【监控】FLume

作者: whaike | 来源:发表于2019-03-22 18:32 被阅读57次

Flume监控几种方式
尚硅谷大数据技术之Flume
【监控】FLume
Flume http监控
flume实践
大数据之 Flume 监听文件和文件夹并上传至 hdfs
grafana目标
数仓--open-falcon配置flume监控
Flume Taildir Source源码修改---监听目录
flume定制之 taildir 目录递归

image.png

flume的监控方式有好几种，具体可以参看官方文档第一次尝试过使用jmx的方式，虽然可以从VM看到MBean对象，但是找到怎么针对不同的agent设置不同的Prometheus导出器，也没有进一步研究，选择了更简单的json方式。

本次监控选定的方案：json+flume_exporter，后端是Prometheus+influxDB+Grafana

第一步：暴露指标

每个agent启动的时候，添加启动参数:-Dflume.monitoring.type=http -Dflume.monitoring.port=96001
这里的端口请随意指定，启动之后便可以使用http访问该端口，即可看到返回的json格式的数据。

第二步：配置exporter

有了指标之后，可以自行写代码接收，我这里使用网友开源的flume_exporter
flume_exporter的使用需要使用两个配置文件，github上有，metrics.yml可是设置需要导出哪些指标，这些指标的名称跟MBean对象的命名是一样的。
config.yml可以配置需要监控的agent。
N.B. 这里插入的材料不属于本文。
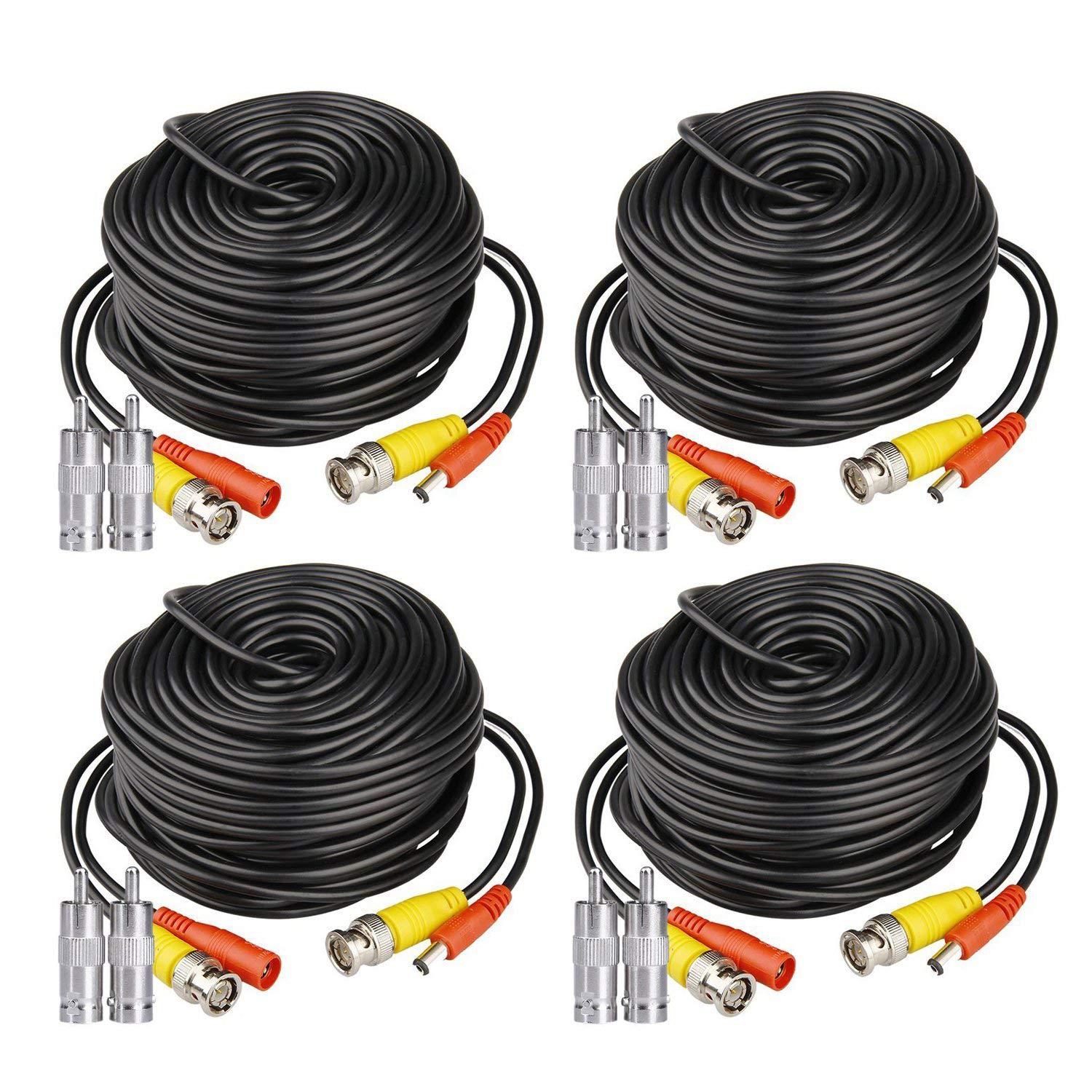 HISVISION 4 Pack 100ft BNC Video Power Cable Security Camera Wire Cord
我这里有10个agent需要监控，所以配置是这样的（端口随意指定）

agents:
- name: "flume-agents"
  enabled: true
# multiple urls can be separated by ,
  urls:
    - "http://localhost:9601/metrics"
    - "http://localhost:9602/metrics"
    - "http://localhost:9603/metrics"
    - "http://localhost:9604/metrics"
    - "http://localhost:9605/metrics"
    - "http://localhost:9606/metrics"
    - "http://localhost:9607/metrics"
    - "http://localhost:9608/metrics"
    - "http://localhost:9609/metrics"
    - "http://localhost:9610/metrics"

从config.yml文件中是无法为每个agent命名不同的名字的，比如我尝试过如下设置

# Example usage:
# Flume JSON Reporting metrics
agents:
- name: "flume-agents"
  enabled: true
# multiple urls can be separated by ,
  urls:
#    - "http://localhost:9601/metrics"
    - "http://localhost:9602/metrics"
    - "http://localhost:9603/metrics"
    - "http://localhost:9604/metrics"
    - "http://localhost:9605/metrics"
    - "http://localhost:9606/metrics"
    - "http://localhost:9607/metrics"
    - "http://localhost:9608/metrics"
    - "http://localhost:9609/metrics"
    - "http://localhost:9610/metrics"

- name: "mytestlogs"
  enabled: true
  urls: ["http://localhost:9601/metrics"]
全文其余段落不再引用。